Komoroski, who was 25 years old at the time, is estimated to have been driving 65 mph in a 25 mph zone when she crashed into the golf cart, killing Miller and seriously injuring Hutchinson and the two other passengers. According to the South Carolina Law Enforcement Division, Komoroski had a BAC of .261, more than triple the legal limit.
She pleaded guilty in December to DUI resulting in great bodily injury, DUI resulting in death, and reckless homicide resulting in death and was sentenced to spend 25 years in prison. Later that month, she filed a motion to have that sentence reconsidered. Her lawyers argued that the sentence was higher than sentences issued for similar crimes, and that media coverage of the case was partly to blame for what they said was a “gross disproportionality” in sentencing.
Court records show that the prosecutors in the case filed an opposition on Thursday.
Komoroski’s request, lawyers from the solicitor’s office say, should be “denied without an additional hearing,” according to a report by local ABC affiliate WCIV.
Prosecutors also reportedly argued that Komoroski’s sentence was within the range for the charges to which she had pleaded guilty.
According to Charleston CBS affiliate WCSC, the solicitor’s office said that the assertion by Komoroski’s lawyers that her sentence is “cruel and unusual punishment” is the result of “flawed” analysis. Citing state precedent that set out the standards to determine whether a sentence was “grossly disproportionate” to the crime, prosecutors said that Komoroski’s case actually cannot be compared to any other felony DUI cases in the area, according to the station.

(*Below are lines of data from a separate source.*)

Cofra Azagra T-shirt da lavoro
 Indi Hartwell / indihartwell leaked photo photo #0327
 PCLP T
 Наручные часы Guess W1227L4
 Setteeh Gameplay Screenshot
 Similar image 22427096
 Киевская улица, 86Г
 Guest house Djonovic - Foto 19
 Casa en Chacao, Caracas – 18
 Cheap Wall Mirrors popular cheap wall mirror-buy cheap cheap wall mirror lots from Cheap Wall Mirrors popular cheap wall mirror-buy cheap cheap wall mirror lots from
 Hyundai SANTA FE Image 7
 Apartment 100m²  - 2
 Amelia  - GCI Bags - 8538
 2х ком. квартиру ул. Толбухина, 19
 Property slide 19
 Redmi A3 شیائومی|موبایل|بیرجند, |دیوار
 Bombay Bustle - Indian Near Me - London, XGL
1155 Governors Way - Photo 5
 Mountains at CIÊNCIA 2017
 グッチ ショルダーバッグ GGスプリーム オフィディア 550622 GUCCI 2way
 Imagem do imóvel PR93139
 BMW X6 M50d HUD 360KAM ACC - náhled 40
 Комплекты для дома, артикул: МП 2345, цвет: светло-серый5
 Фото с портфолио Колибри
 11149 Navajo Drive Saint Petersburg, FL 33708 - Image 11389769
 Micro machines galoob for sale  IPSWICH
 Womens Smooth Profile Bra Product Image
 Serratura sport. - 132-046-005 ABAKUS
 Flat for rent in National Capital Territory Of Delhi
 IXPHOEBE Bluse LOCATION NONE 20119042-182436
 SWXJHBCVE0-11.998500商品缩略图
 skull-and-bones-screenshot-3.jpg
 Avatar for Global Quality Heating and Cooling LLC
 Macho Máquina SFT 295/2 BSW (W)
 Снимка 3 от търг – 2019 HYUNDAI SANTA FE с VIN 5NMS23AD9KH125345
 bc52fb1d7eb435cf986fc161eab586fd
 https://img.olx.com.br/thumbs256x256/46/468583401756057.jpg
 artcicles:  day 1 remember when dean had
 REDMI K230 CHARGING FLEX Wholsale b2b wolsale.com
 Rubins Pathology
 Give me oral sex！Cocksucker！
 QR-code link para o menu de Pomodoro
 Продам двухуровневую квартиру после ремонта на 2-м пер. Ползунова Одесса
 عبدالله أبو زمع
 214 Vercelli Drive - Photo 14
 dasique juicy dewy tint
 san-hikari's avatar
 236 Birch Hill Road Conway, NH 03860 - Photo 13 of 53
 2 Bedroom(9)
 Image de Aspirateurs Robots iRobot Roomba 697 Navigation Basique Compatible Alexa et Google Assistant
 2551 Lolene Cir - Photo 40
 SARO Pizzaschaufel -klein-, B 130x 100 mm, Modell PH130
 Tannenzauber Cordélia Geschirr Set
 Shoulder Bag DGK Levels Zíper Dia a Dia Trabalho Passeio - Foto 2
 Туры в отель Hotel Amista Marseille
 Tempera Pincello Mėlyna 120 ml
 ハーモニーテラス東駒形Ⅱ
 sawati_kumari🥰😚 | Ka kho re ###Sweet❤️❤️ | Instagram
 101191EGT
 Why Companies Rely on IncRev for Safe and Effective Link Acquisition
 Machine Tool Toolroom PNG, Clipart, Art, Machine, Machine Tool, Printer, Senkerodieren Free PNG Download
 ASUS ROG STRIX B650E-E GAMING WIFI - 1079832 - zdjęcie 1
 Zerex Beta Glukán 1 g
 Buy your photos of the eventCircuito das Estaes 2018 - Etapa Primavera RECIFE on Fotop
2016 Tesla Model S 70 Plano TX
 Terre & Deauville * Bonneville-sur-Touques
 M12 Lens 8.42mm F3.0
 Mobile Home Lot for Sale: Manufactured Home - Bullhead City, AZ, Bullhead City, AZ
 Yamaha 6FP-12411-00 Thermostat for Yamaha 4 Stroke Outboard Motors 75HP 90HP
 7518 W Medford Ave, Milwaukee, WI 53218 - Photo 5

It was also “clear to the State and the assembly that the Court was attentive and weighed all the information that was offered,” the filing reportedly said. Lawyers for the state noted that Komoroski’s victims oppose any reduction to the drunk driver’s sentence.
“I wish more than anything that it was me instead of Sam,” Hutchinson said at Komoroski’s sentencing. “I wish I’d died that night so she didn’t have to go alone.”